THK Way Halim merupakan Ruang Terbuka Hijau (RTH) yang selama ini dimanfaatkan oleh sebagaian besar masyarakat baik untuk kegiatan olah raga, seni dan budaya, penghijauan dan rekreasi. Tidak saja berfungsi sebagai ruang publik, keberadaannya pun menjadi paru-paru kota Bandar Lampung.

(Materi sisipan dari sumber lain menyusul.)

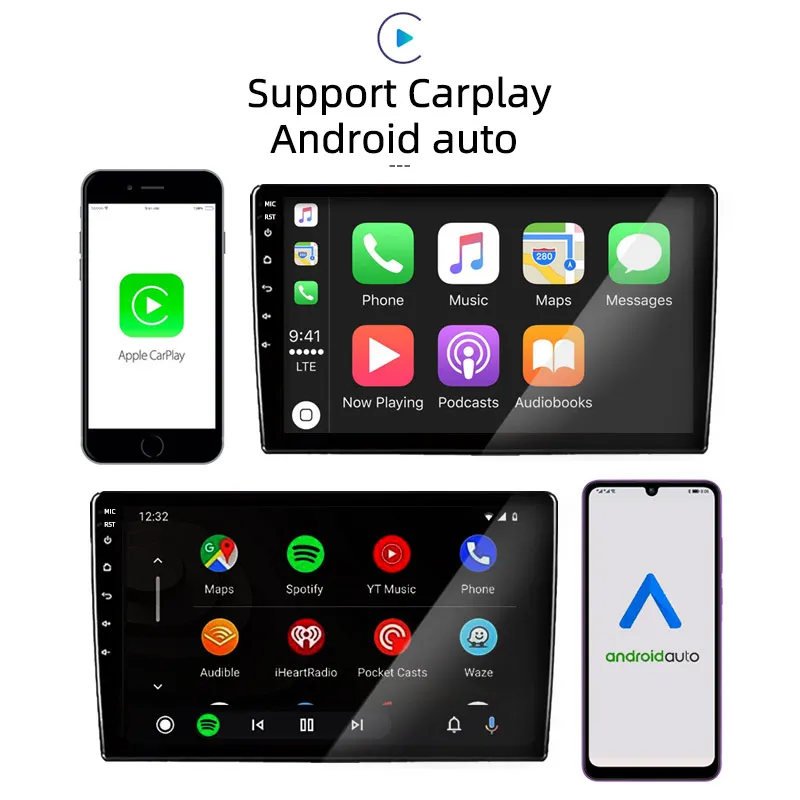 $562.17 Ruancheng Android 10 Car Stereo Radio for Honda Civic 8 2005 - 2012 Multimedia Video Player Navigation GPS 2 Din WiFi Audio DVD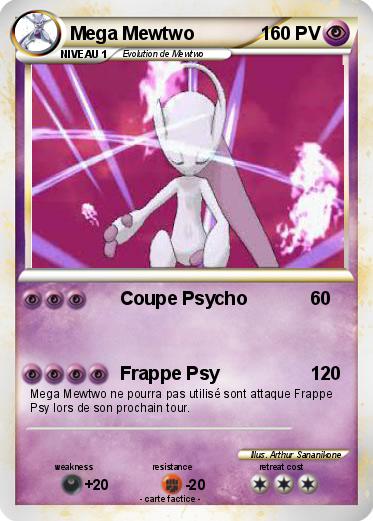 Pokemon Mega Mewtwo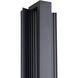 Jubilee LED 24.25 inch Matte Black Exterior Wall Sconce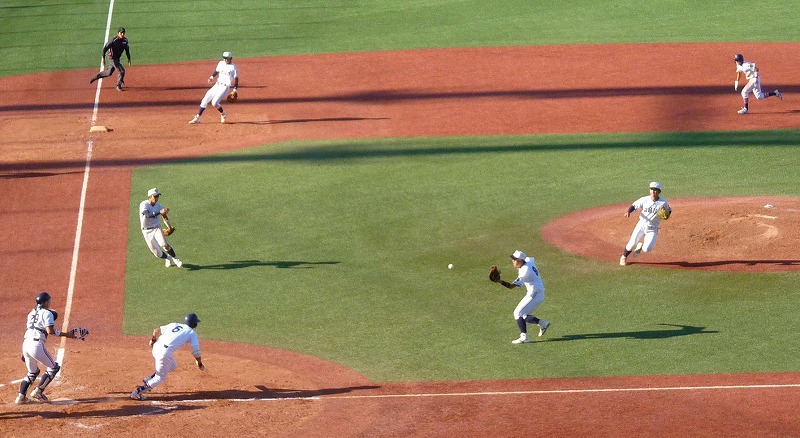 駒澤大対中央大 10月7日 東都大学野球1部 後半_b0166128_15282081.jpg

THK itu telah berfungsi sebagai wahana interaksi sosial yang mempersatukan sebagian besar masyarakat Kota Bandarlampung tanpa membedakan latar belakang sosial, ekonomi, dan budaya.

RTH tidak saja berfungsi sebagai penyaring udara kotor, pohon peneduh yang ada sebagai tempat hidup satwa burung/ unggas, penunjang keindahan, memberi kesegaran, kenyamanan, keindahan lingkungan sebagai paru – paru kota, tapi juga memberi lingkungan bersih dan sehat bagi penduduk kota, resapan air, guna menjaga keseimbangan tata air dalam tanah, mengurangi aliran air permukaan ( banjir ), menangkap dan menyimpan air, menjaga keseimbangan tanah agar kesuburan tanah tetap terjamin,dan sebagai tempat sarana dan prasarana kegiatan rekreasi. Penyimpangan penggunaan RTH mengakibatkan menurunnya mutu lingkungan hidup di Kota Bandar Lampung. RTH dapat dimanfaatkan tanpa menimbulkan efek negatif seperti degradasi lingkungan yang konkret.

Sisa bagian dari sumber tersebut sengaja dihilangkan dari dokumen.